Tech

WeWork board sues SoftBank over withdrawal to buy $3 billion worth of shares

Key Points
  • WeWork is suing SoftBank after SoftBank withdrew its $3 billion tender offer, the company announced Tuesday, claiming SoftBank breached its obligations under their agreement.
  • Part of the tender offer would have benefited shareholders including former CEO Adam Neumann, but it also included hundreds of millions for workers whose share values dropped after the company pulled its IPO.
  • The company is seeking to require SoftBank to complete its offer or pay compensatory damages, according to the announcement.
SoftBank Group Corp. Chairman and Chief Executive Officer Masayoshi Son speaks during a press conference on November 6, 2019 in Tokyo, Japan.
Tomohiro Ohsumi | Getty Images

A special committee of WeWork's board is suing SoftBank after SoftBank withdrew its $3 billion tender offer, the company announced Tuesday. WeWork is claiming that SoftBank breached its obligations under their agreement.

SoftBank originally made the tender offer to buy shares of WeWork at an agreed upon price last year as part of a package to bail out the company after its failed IPO. The money would've gone to current and former employee shareholders, outside shareholders, and ousted CEO and co-founder Adam Neumann. WeWork estimates about $450 million would've gone to current and former employees, according to a person familiar with the matter.

WeWork alleges SoftBank breached its fiduciary duty to WeWork's minority shareholders by failing to follow through with the offer. SoftBank said last week that its decision to withdraw came from its own fiduciary duty to shareholders. 

"Nothing in the Special Committee's filing today credibly refutes SoftBank's decision to terminate the tender offer," a spokesperson for SoftBank said in a statement. "Several of the conditions the Special Committee, WeWork, Adam Neumann, SoftBank and SoftBank Vision Fund agreed to last October as requirements for completing the tender were not met as of April 1, 2020."

The spokesperson called the lawsuit a "desperate and misguided attempt" to "rewrite" its agreement and said SoftBank has remained committed to WeWork beyond the offer, investing more than $5 billion since October.

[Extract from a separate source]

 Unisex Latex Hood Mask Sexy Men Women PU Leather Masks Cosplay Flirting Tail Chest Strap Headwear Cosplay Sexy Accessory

In a previous statement announcing its withdrawal of the offer to buy shares of WeWork, SoftBank said its decision "will have no impact on WeWork's operations, customers, five-year business and strategic plan, or the vast majority of WeWork's current employees."

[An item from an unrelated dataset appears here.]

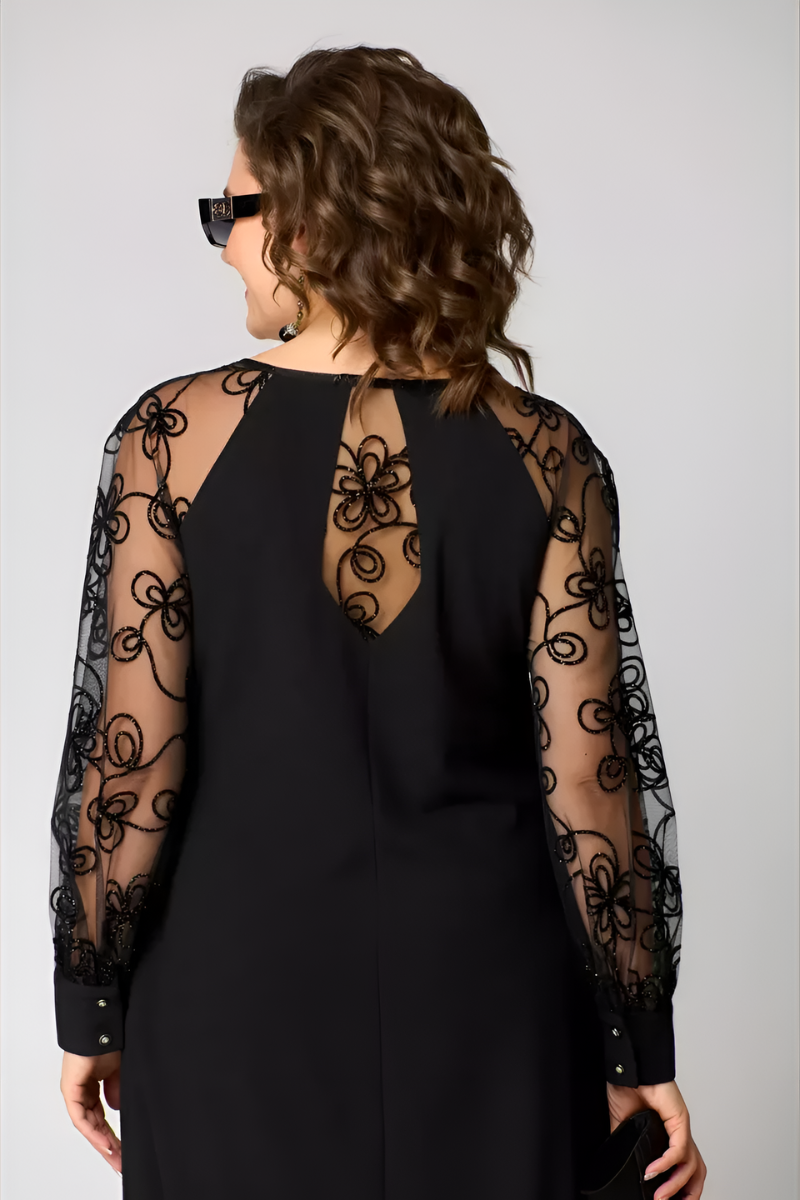 Celeste | Black Dress with Lace Detail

WeWork was set on a downward spiral after filing its IPO prospectus last year, which revealed a $900 million loss over six months and questionable corporate governance practices. WeWork later withdrew its prospectus and Neumann was ousted. Part of the tender offer would have benefited shareholders including Neumann, but it also included hundreds of millions for workers whose share values dropped.

The company is seeking to require SoftBank to complete its offer or pay compensatory damages, according to the announcement.

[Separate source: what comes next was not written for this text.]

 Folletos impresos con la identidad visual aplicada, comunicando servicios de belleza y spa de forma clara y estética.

"SoftBank has already received most of the benefits provided to it under the [Master Transaction Agreement], including broad control of WeWork and additional economic benefits," the special committee of WeWork's board said in a statement. "SoftBank's wrongful conduct in failing to consummate the tender offer deprives WeWork's minority stockholders of the liquidity that they were promised."

WeWork claims SoftBank and its CEO, Masayoshi Son, purposefully pursued a separate transaction with minority investors in WeWork's joint venture in China, both to dilute SoftBank's ownership in the unit and to ensure the initial deal wouldn't close by April 1. SoftBank had initially agreed to roll up the China JV and used its "influence over those investors" to ensure they didn't waive certain provisions that would have caused a deal to close on time, WeWork argues.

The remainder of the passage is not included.